**Provided material**.
● ● ●

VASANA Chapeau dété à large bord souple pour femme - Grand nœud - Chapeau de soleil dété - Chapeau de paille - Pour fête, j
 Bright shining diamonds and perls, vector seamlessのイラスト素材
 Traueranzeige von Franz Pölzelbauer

● ● ●

**What you will do**. Everything in the material should be repeated exactly as written.

**Final answer**.
VASANA Chapeau dété à large bord souple pour femme - Grand nœud - Chapeau de soleil dété - Chapeau de paille - Pour fête, j
 Bright shining diamonds and perls, vector seamlessのイラスト素材
 Traueranzeige von Franz Pölzelbauer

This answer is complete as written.